Frank's R Workflow

by Joseph Rickert

Frank Harrell’s new eBook, R Workflow, which aims to: “to foster best practices in reproducible data documentation and manipulation, statistical analysis, graphics, and reporting” is an ambitious document that is notable on multiple levels.

To begin with, the workflow itself is much more than a simple progression of logical steps.

Diagram of Reproducible Research Workflow

This workflow is clearly the result of a process forged through trial and error by a master statistician over many years. As the diagram indicates, the document takes a holistic viewpoint of a statistical analysis covering document preparation, data manipulation, statistical practice computational concerns, and more.

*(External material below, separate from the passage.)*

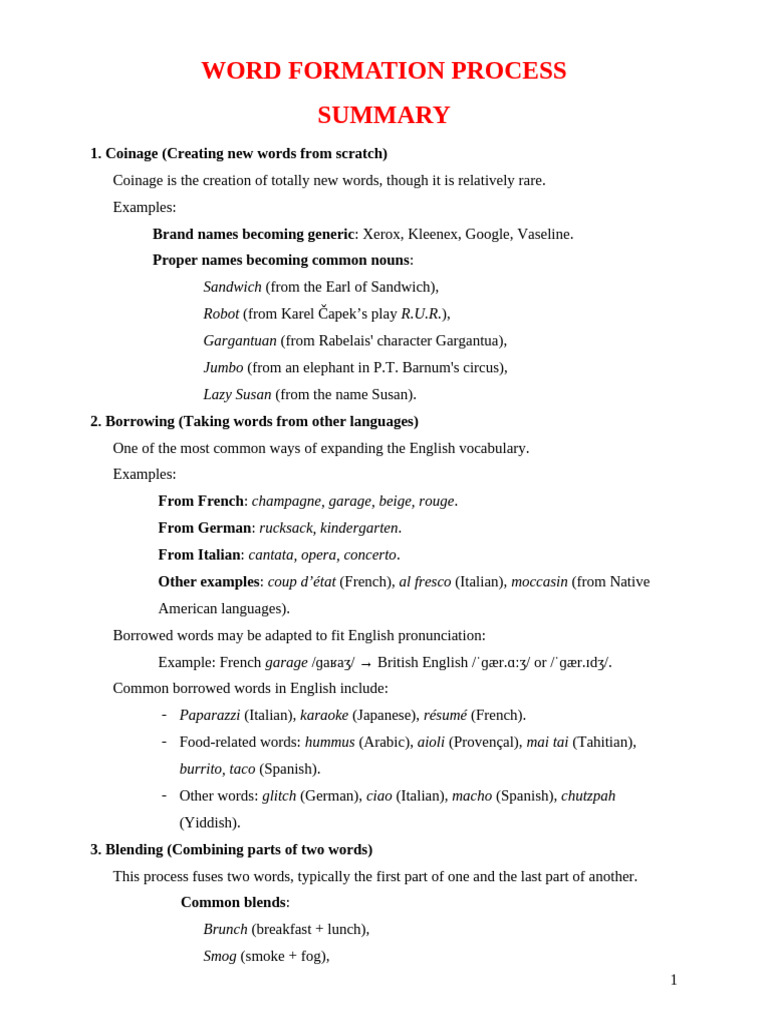 Summary of Word Formation Process | PDF | Word | Verb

Then, there is the synthesis of a wide range of content into a succinct, very readable exposition that dips in to some very deep topics. Frank’s examples are streamlined presentations of analyses and code that are both sophisticated an practical. The missing value section suggests a whole array of analyses through a careful presentation of plots, and the section on data checking introduces a level of automation beyond what is commonly done.

Frank’s writing style is clear, informal and from the perspective of a teacher who wants to show you some cool things along with the basics. For example, don’t miss the if Trick in section 2.4.3.

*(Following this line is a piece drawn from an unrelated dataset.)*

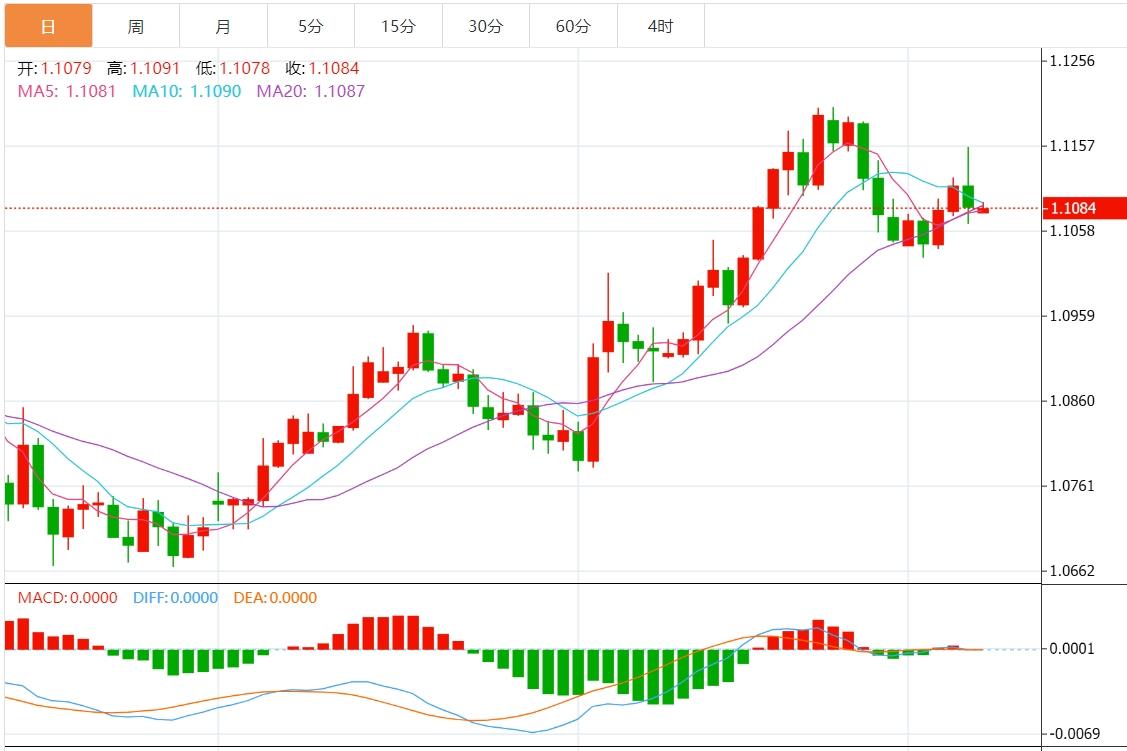 【富拓外汇市场分析】:美元指数小幅反弹 市场关注美国通胀数据(图2) 【富拓外汇市场分析】:美元指数小幅反弹 市场关注美国通胀数据(图2)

I should mention that Frank’s eBook is not a tidyverse presentation. The code examples are built around base R, Frank’s Hmisc and rms packages and an eclectic mix of packages that include data.table. plotly and tidyverse packages haven and ggplot2. In a way, this selection of packages reflects the evolution of R itself. For example, as with many popular R packages, Hmisc most likely started out as Frank’s personal tool kit. However, after many years of Frank’s deep commitment to using R and contributing R tools, which includes seventy versions of Hmisc in nineteen years, the package has become a fundamental resource. (Have a look at the reverse depends, imports, and suggests.) Also, the mix of packages with different design philosophies underlying R Workflow reflects the flexibility of the R language and the organic growth of the R ecosystem.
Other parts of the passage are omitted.